### PROBLEM STATEMENT:
In the data below, reproduce everything exactly except the images.

### DATA UNDER STUDY:

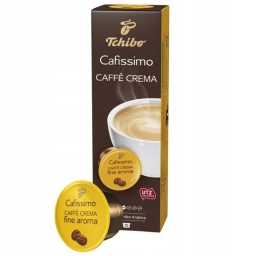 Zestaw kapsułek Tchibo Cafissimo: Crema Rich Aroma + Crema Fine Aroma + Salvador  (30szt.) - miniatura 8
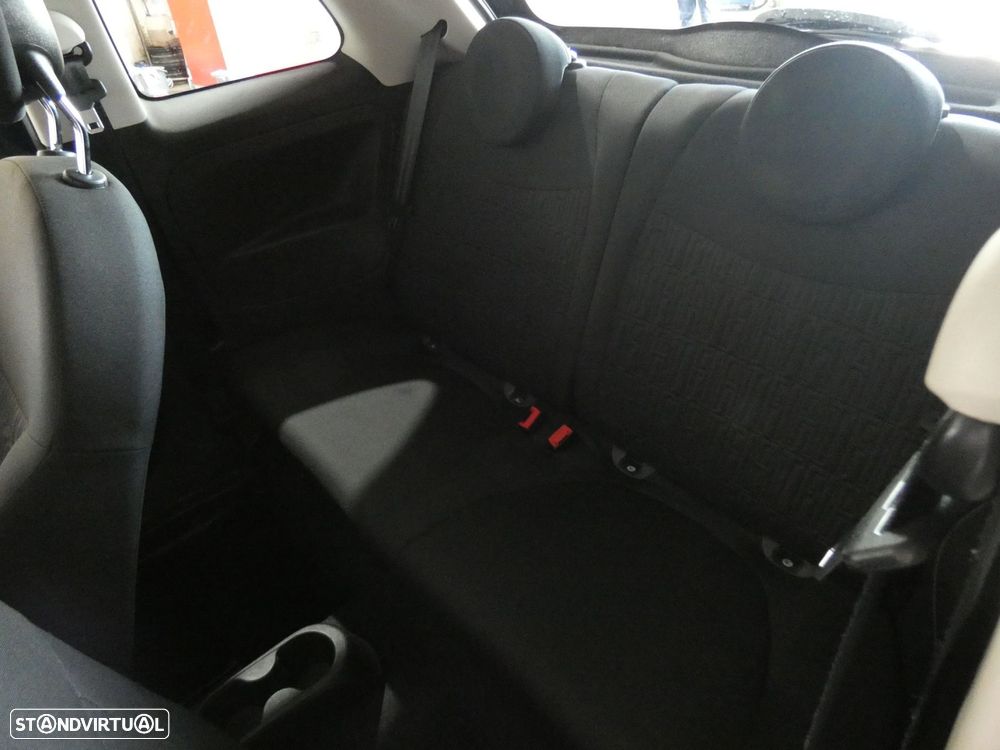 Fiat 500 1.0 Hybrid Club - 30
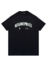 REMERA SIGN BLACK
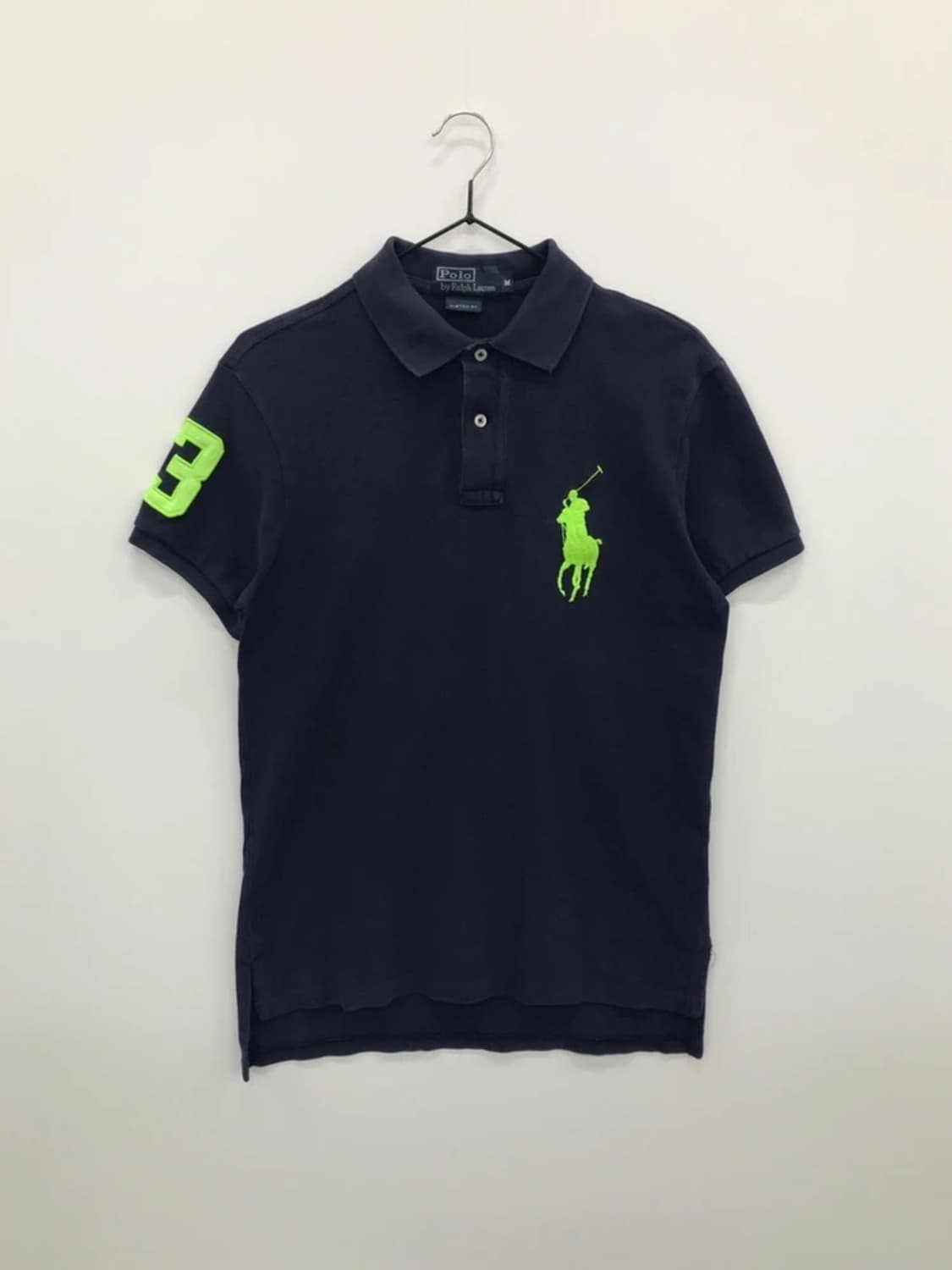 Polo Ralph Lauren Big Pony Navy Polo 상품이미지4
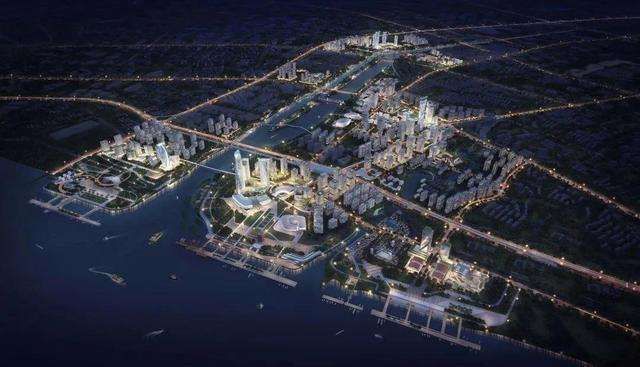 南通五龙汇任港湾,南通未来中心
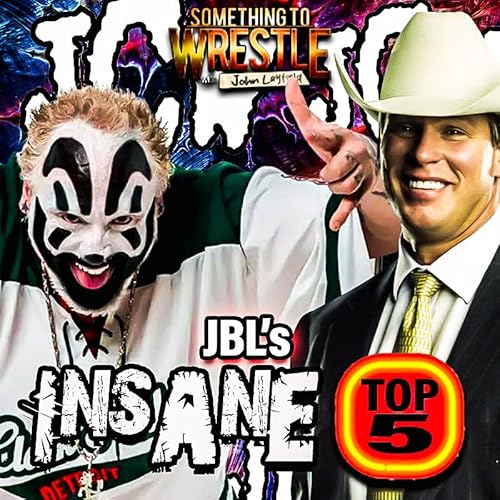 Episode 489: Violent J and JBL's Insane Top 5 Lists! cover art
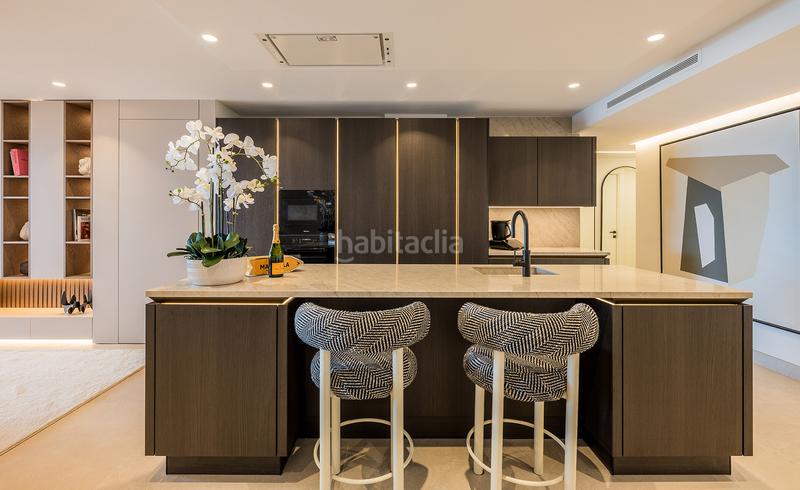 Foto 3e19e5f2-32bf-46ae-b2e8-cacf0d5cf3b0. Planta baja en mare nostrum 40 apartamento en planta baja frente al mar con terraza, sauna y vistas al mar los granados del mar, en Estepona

### SOLVED EXERCISE:
 Zestaw kapsułek Tchibo Cafissimo: Crema Rich Aroma + Crema Fine Aroma + Salvador  (30szt.) - miniatura 8
 Fiat 500 1.0 Hybrid Club - 30
 REMERA SIGN BLACK
 Polo Ralph Lauren Big Pony Navy Polo 상품이미지4
 南通五龙汇任港湾,南通未来中心
 Episode 489: Violent J and JBL's Insane Top 5 Lists! cover art
 Foto 3e19e5f2-32bf-46ae-b2e8-cacf0d5cf3b0. Planta baja en mare nostrum 40 apartamento en planta baja frente al mar con terraza, sauna y vistas al mar los granados del mar, en Estepona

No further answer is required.